Reference Datasets for the Workshop

This page lists ten classic, freely available datasets that can be loaded directly from the internet — no local files needed. Each entry includes the original academic source, a code snippet to load the data, a quick exploration command, and a basic visualisation.

Note

The last three datasets (MNIST, Fashion-MNIST, CIFAR-10) are large image collections and may take several minutes to download. They are included here for reference but are not recommended for use during the timed hands-on exercises. Start with Titanic, Iris, Palmer Penguins, or Gapminder for the exercises.

Quick reference

Dataset

Size

Good for

Titanic

891 rows

Bar charts, survival analysis, categorical comparisons

Iris

150 rows

Scatter plots, species comparison, classification basics

Palmer Penguins

344 rows

Scatter plots, multi-species comparison, missing values

Wine Quality

1 599 rows

Distribution plots, regression, continuous quality scores

Tips

244 rows

Scatter, correlation, categorical colour coding

Diamonds

53 940 rows

Large-scale exploration, overplotting, sampling strategies

Gapminder

Multi-year country data

Time series, bubble charts, storytelling with data

MNIST

70 000 images (28×28 px)

Image classification, neural network basics

Fashion-MNIST

70 000 images (28×28 px)

Image classification, drop-in MNIST replacement

CIFAR-10

60 000 images (32×32 px, colour)

Colour image classification


Titanic

Passenger survival data from the 1912 disaster of the RMS Titanic. Features include passenger class (Pclass), sex, age, fare paid, cabin, port of embarkation, and whether the passenger survived. The most widely used introductory dataset for classification and exploratory data analysis.

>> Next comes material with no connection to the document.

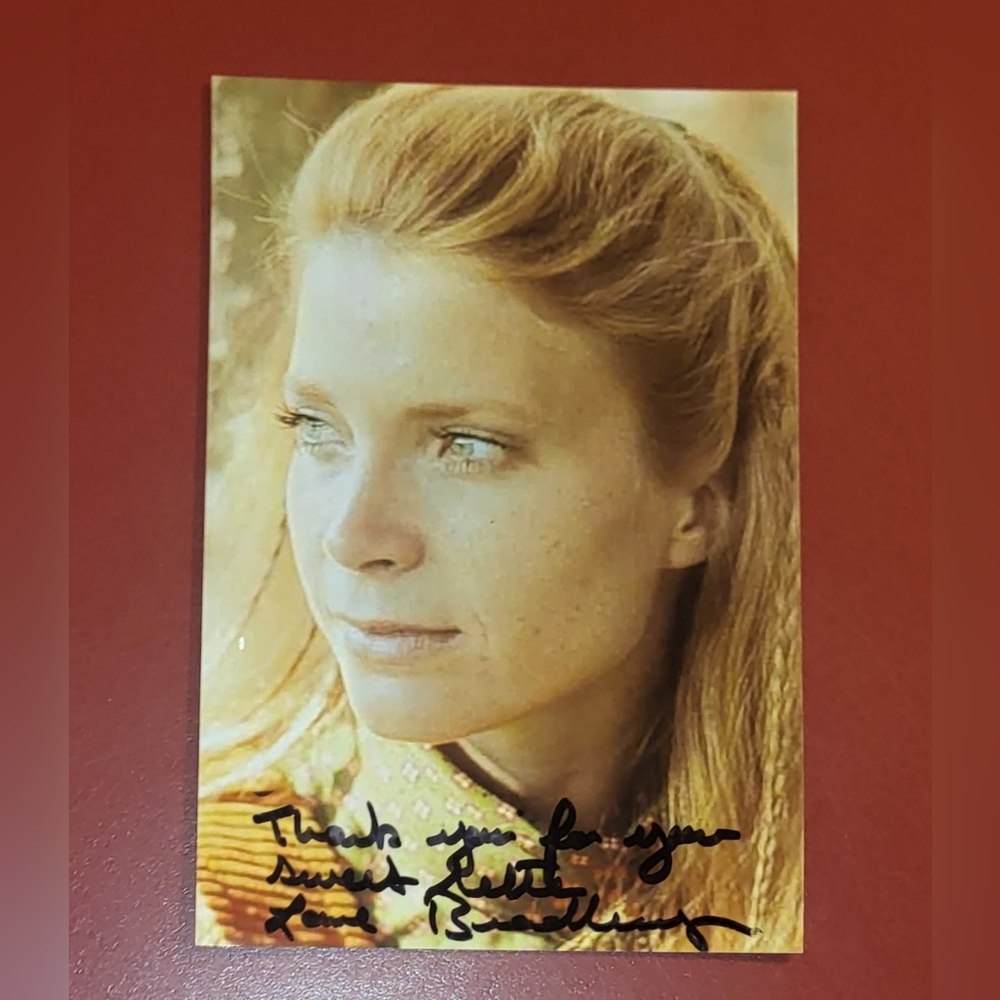 Lane Bradbury Gunsmoke Hand Signed 4x6 Autograph Photo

Source: Various versions in circulation; this one comes from the pandas documentation. Underlying records from Encyclopedia Titanica.

Load:

import pandas as pd
url = "https://raw.githubusercontent.com/pandas-dev/pandas/master/doc/data/titanic.csv"
titanic = pd.read_csv(url, index_col='Name')
titanic.head()

Explore:

titanic.describe()

Visualise:

import altair as alt
alt.Chart(titanic.reset_index()).mark_bar().encode(
    x=alt.X('Age:Q', bin=True),
    y='count()',
    color='Survived:N'
).properties(title='Survival by Age')

Iris

Measurements of 150 iris flowers across three species (Iris setosa, I. versicolor, I. virginica). Four numeric features: sepal length, sepal width, petal length, petal width (all in cm). The most famous classification benchmark dataset in machine learning, introduced by statistician R. A. Fisher in 1936.

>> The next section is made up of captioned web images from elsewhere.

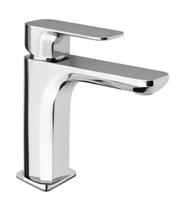 Wastafelmengkraan Sapho Spy 1-hendel Recht 16.7 cm Chroom Sapho - thumbnail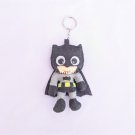 HeroTag Felt Batman Keychain – Handmade Soft & Stylish Keytag for Superhero Fans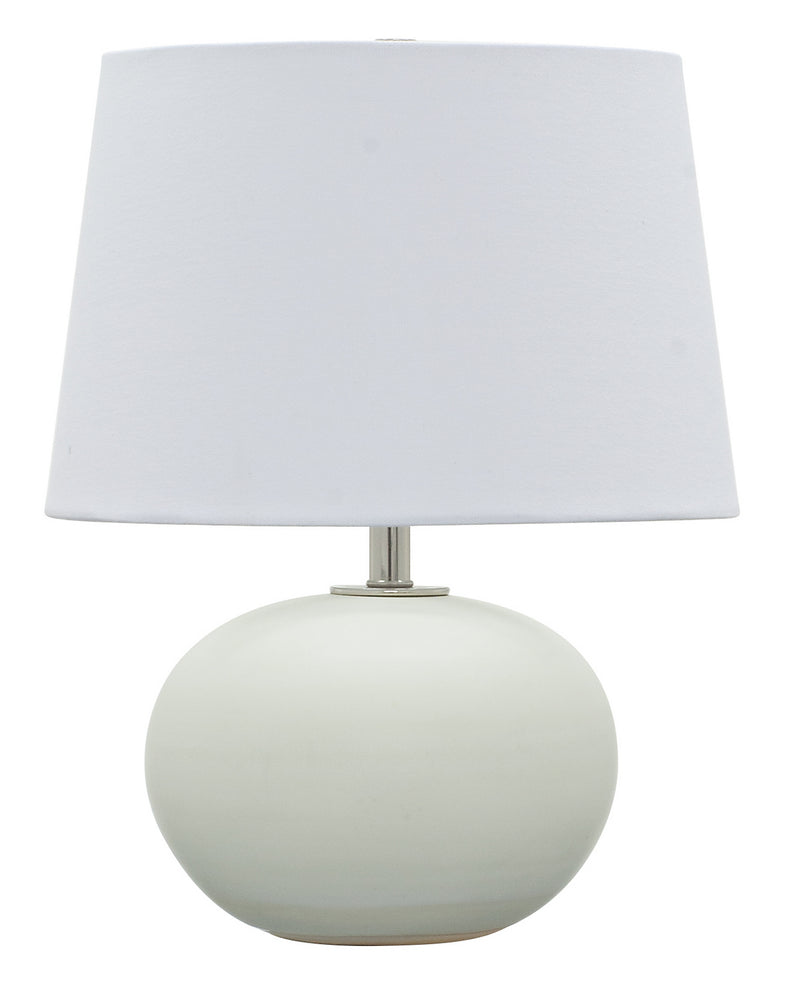 House of Troy GS600-WM One Light Table Lamp, White Matte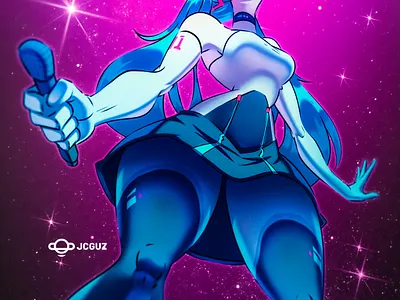 Hatsune Miku 15th Anniversary anime band character colors design fanart hatsune miku illustration manga music song vocaloid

Source: Fisher, R. A. (1936). “The use of multiple measurements in taxonomic problems.” Annals of Eugenics, 7(2), 179–188. DOI: 10.1111/j.1469-1809.1936.tb02137.x. Data originally collected by Edgar Anderson (1935).

Load:

import pandas as pd
from sklearn.datasets import load_iris

iris_raw = load_iris()
iris = pd.DataFrame(iris_raw.data, columns=iris_raw.feature_names)
iris['species'] = [iris_raw.target_names[t] for t in iris_raw.target]
iris.head()

Explore:

iris.describe()

Visualise:

import altair as alt
alt.Chart(iris).mark_circle(size=60).encode(
    x='petal length (cm):Q',
    y='petal width (cm):Q',
    color='species:N',
    tooltip=iris.columns.tolist()
).properties(title='Iris: Petal Dimensions by Species')

Palmer Penguins

Measurements of 344 penguins from three species (Adélie, Chinstrap, Gentoo) on three islands in the Palmer Archipelago, Antarctica. Features include bill length, bill depth, flipper length, body mass, island, and sex. Recommended as a modern, more intuitive replacement for the Iris dataset — and it has a more interesting story behind it.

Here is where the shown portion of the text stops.